Abstract
AIMS
Glioblastoma (GBM) is the deadliest and most common primary brain tumour with median survival rates of less than two years. Inter- and intra-tumoral heterogeneity, cellular plasticity and de-regulated signalling pathways are plausible causes of resistance to existent therapies in GBM. As current therapies offer only limited survival benefits, the identification and validation of new approaches in glioblastoma management is of the highest importance
METHOD
• In silico analysis, RNA sequencing analysis after SPT6 depletion and analysis of R-loop formation after RAD52 depletion.

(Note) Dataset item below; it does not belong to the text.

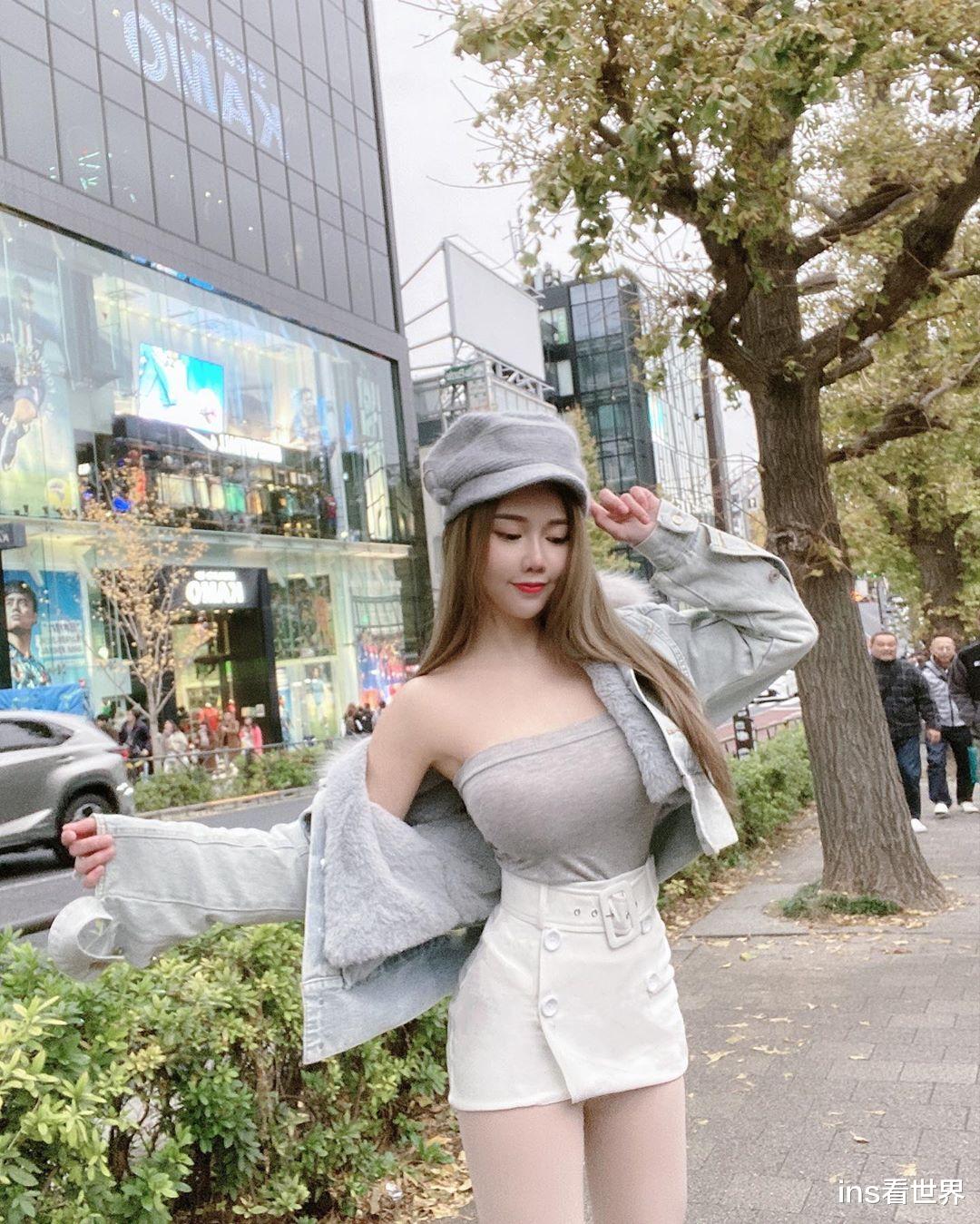 ins看世界|为什么别人的T恤穿起来会这么好看？这棉花糖好大啊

• Patient-Derived Xenografts and primary human glioblastoma cells
RESULTS
Our recent findings show significantly higher RAD52 mRNA levels in malignant gliomas compared to normal brain, where its levels negatively correlate with GBM patient survival. Experimental data show that the inhibition of RAD52 by 6-Hydroxy-DL-Dopa (6OH-Dopa) impairs GBM cell survival due to increased replication- transcription collisions leading to the accumulation of DNA damage. Transcriptional elongation factor SPT6 has previously been named an essential gene in GBM. We find that loss of SPT6 decreases the expression of HR proteins BRCA1, RAD51 and RAD52. RAD52 binds to single-strand DNA (ssDNA), plays a crucial role in most HR events, and restarts collapsed replication forks in response to oncogene-induced replication stress. Further investigation into the role of RAD52 showed depletion of RAD52 results in an increase of R-loops increasing genomic instability and DNA damage.
CONCLUSIONS
Based on our findings, we hypothesize that SPT6 modulates RAD52, which acts as a sensor of R-loops and plays a crucial role in R-loops’ resolution.